El miércoles, en un foro de movilidad organizado por la Sociedad Colombiana de Ingenieros, el programa Bogotá Cómo Vamos y la Universidad Santo Tomás, el alcalde Samuel Moreno respondió, tácitamente, a las críticas que días atrás habían proferido los ex alcaldes Antanas Mockus, Enrique Peñalosa y Luis Eduardo Garzón acerca de la inconveniencia de la construcción de la primera línea del metro, cuyo trazado fue revelado la semana pasada.
Sin referirse directamente a alguno de los ex alcaldes, Moreno dijo sobre el proyecto del metro que: “Esta es una solución integral para resolver los problemas de movilidad durante los siguientes 40 años. No puedo aceptar lo que dicen personas irresponsables en el sentido de que el metro matará a Transmilenio. Al contrario, el fortalecimiento de este sistema es la aparición del componente férreo”. Por su parte, Esteban Rodríguez, director del grupo consultor encargado de diseñar el trazado de la primera línea del metro, afirmó que “aquí había un debate, que no entendíamos mucho, entre el tren de cercanías o el metro. Pues sí: tren de cercanías, metro y Transmilenio. La ciudad da para todo”.
Este mismo punto, la interconexión de diferentes modos de transporte, fue uno de los componentes centrales en la presentación de Thierry Lancier, director de cooperación internacional del Metro de París (RATP), quien explicó cómo en la capital francesa, además de sus alrededores, funciona un extenso tramado de varios sistemas que pretenden transportar más eficazmente al ciudadano; el RATP es, en usuarios, el segundo metro del planeta, después del de Tokio.
El funcionario francés aseguró que, para garantizar la calidad y eficacia del servicio, es indispensable que la gestión del transporte de una ciudad la haga una sociedad cuyo único fin sea establecer las reglas de juego (que incluyen la tarifa, las rutas y los indicadores con los que se medirá el servicio) y la regulación de todo el engranaje; en París esta sociedad está supervisada por las comunidades que componen el área de influencia del sistema de transporte.

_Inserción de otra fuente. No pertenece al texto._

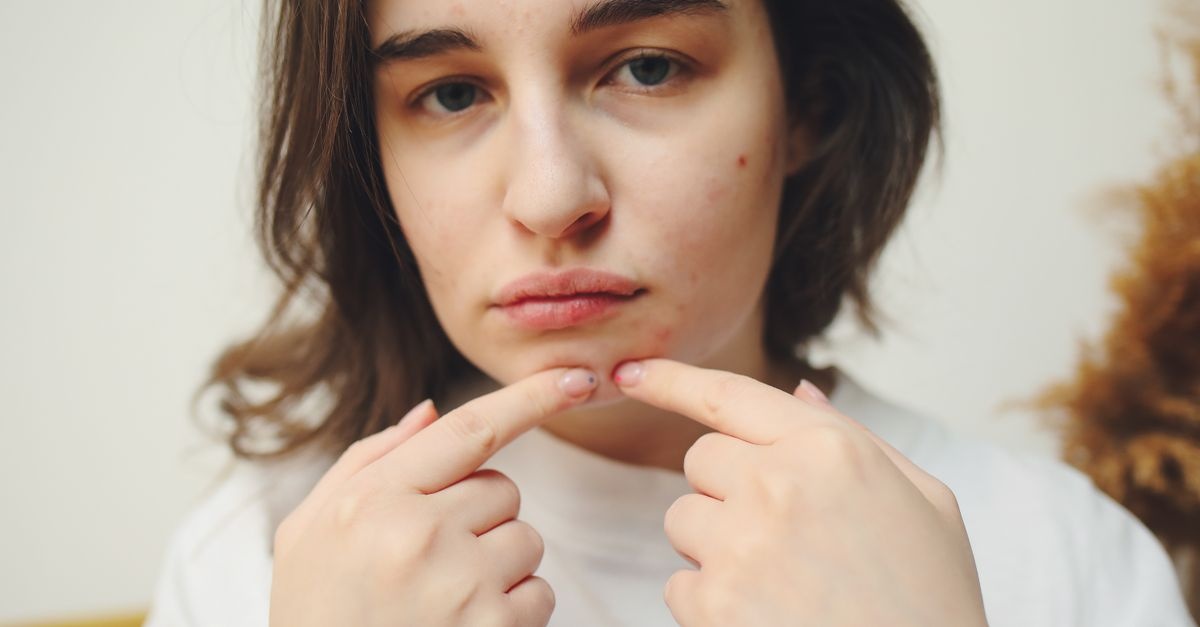 Ujarzmij trądzik hormonalny w dorosłym wieku — naturalnie, łagodnie, skutecznie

Tal vez uno de los argumentos más interesantes expuestos por Lancier es acerca de las formas de financiación de un metro, un tema que ha generado todo tipo de pronunciamientos en estos días. El funcionario francés, al hablar de la experiencia parisina, explicó que la mitad de los gastos de funcionamiento son aportados por los mismos usuarios a través del pago de las tarifas. Hasta ahí todo normal. Sin embargo, aproximadamente la otra mitad del dinero se recauda por concepto de un impuesto que todas las empresas que tienen sede en París, y que cuentan con más de nueve empleados, deben pagarle a la ciudad. La idea detrás de este esquema, en palabras de Lancier, es que el sistema sea pagado por aquellos que lo usan y que realmente se benefician de los cortos tiempos con que una persona puede llegar a su destino.
Las ventajas de un metro subterráneo
De acuerdo con el ingeniero Juan Fernando Uribe, encargado de la construcción del Interconector Fucha-Tunjuelo, los dos métodos de estructuración de la primera línea del metro (subterráneo y en superficie) son los adecuados para las condiciones geológicas de la ciudad. El ingeniero presentó sus conclusiones en el marco del foro de movilidad convocado por la Sociedad Colombiana de Ingenieros y la Universidad Santo Tomás, en el que afirmó que la construcción subterránea tiene varias ventajas, como el bajo impacto que genera en los predios que están sobre la ruta y en la mayoría de las redes de servicio que se encuentran en las capas más superficiales del subsuelo, puesto que el túnel del metro iría por debajo de éstas.
Asimismo, según Uribe, es un acierto el aprovechamiento del corredor férreo en el tramo de superficie que presupuesta el trazado de la primera línea.